▶ **INSTRUCTIONS TO FOLLOW**
Using the material below, print a verbatim copy of every line from the one containing "This completes today's" through the one containing "Your cursor will", inclusive, and omit the pictures.

▶ **TASK MATERIAL**
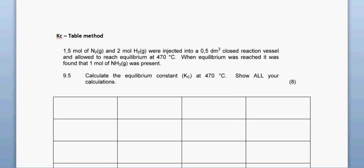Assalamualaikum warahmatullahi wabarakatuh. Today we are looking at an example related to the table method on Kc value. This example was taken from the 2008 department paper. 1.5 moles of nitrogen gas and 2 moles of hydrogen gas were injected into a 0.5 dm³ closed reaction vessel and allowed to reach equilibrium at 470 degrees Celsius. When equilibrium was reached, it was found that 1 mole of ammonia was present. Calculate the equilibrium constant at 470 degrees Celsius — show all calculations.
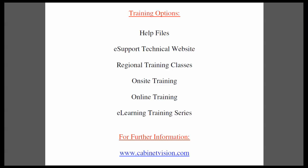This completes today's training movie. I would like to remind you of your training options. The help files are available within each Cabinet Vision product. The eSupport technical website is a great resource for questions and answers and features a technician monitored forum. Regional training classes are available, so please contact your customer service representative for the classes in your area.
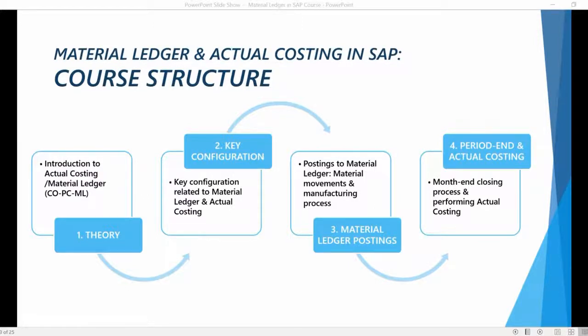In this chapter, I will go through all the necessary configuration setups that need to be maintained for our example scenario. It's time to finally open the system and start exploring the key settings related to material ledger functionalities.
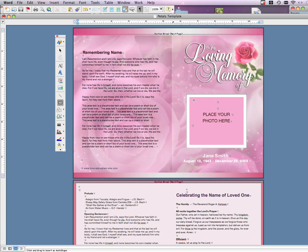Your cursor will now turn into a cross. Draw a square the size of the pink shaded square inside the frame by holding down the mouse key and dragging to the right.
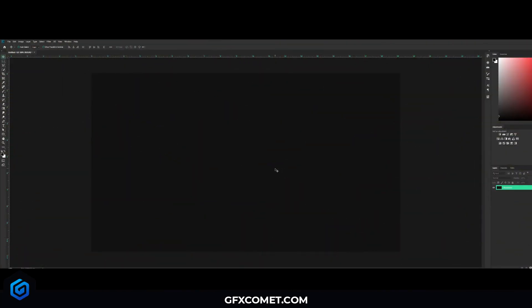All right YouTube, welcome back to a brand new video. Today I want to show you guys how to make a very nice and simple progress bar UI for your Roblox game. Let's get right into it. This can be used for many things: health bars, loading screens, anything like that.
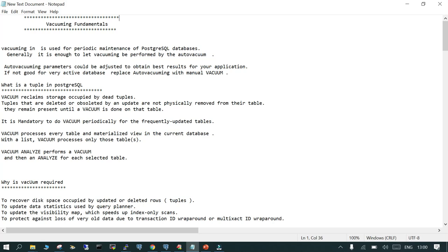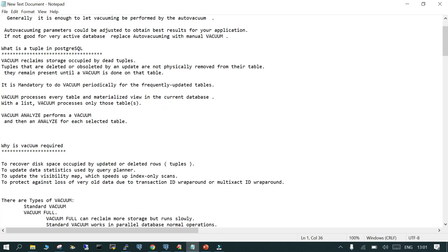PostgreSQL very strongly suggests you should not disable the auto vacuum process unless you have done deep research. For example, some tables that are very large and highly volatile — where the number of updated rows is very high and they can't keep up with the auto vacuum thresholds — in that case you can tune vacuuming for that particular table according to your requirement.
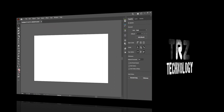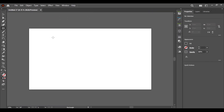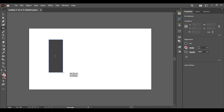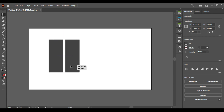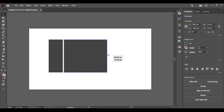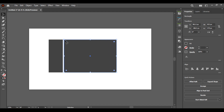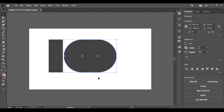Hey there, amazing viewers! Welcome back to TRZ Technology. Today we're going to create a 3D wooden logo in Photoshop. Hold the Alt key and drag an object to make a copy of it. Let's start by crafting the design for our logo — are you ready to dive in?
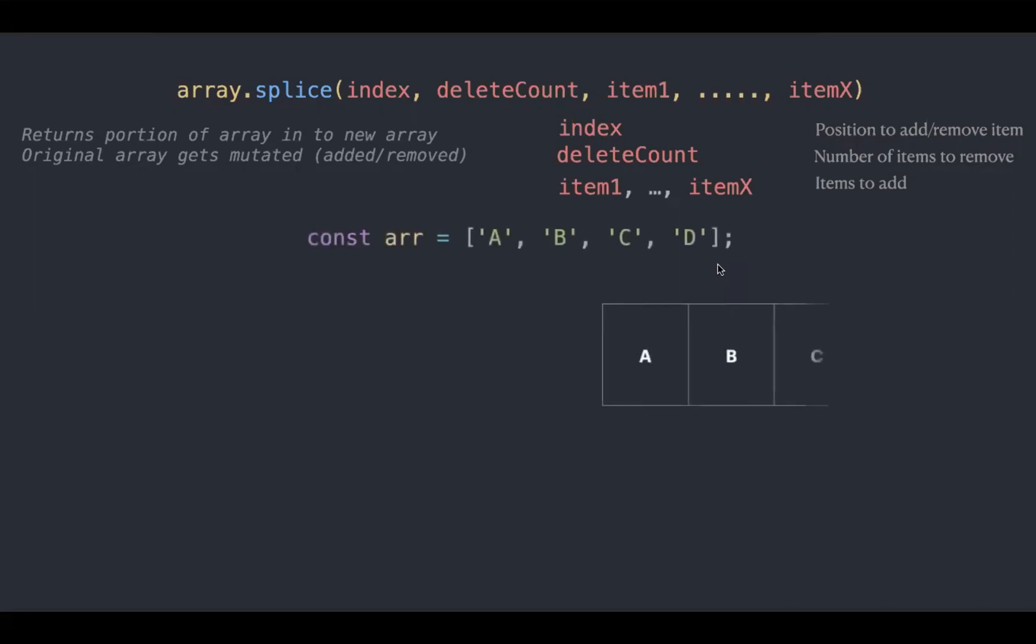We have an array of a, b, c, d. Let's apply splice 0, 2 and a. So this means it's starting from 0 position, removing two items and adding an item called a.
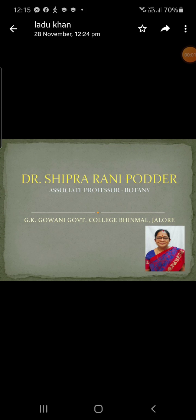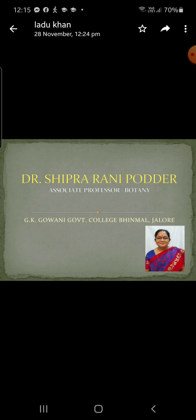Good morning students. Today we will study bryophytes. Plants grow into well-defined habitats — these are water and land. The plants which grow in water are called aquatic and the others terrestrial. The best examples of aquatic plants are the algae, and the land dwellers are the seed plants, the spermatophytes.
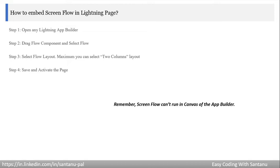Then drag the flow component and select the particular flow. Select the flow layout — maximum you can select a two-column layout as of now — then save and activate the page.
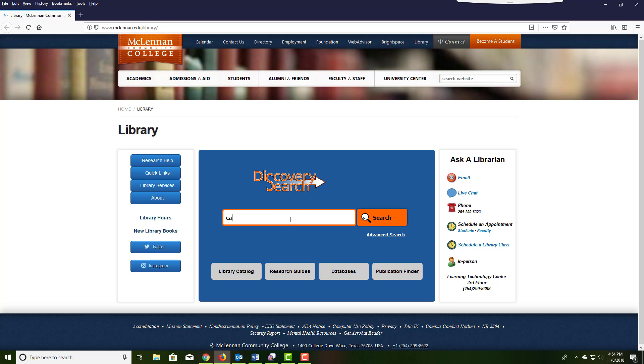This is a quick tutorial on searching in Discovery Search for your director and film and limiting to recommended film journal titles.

▶ **RESPONSE TO THIS TASK**
This completes today's training movie. I would like to remind you of your training options. The help files are available within each Cabinet Vision product. The eSupport technical website is a great resource for questions and answers and features a technician monitored forum. Regional training classes are available, so please contact your customer service representative for the classes in your area.
In this chapter, I will go through all the necessary configuration setups that need to be maintained for our example scenario. It's time to finally open the system and start exploring the key settings related to material ledger functionalities.
Your cursor will now turn into a cross. Draw a square the size of the pink shaded square inside the frame by holding down the mouse key and dragging to the right.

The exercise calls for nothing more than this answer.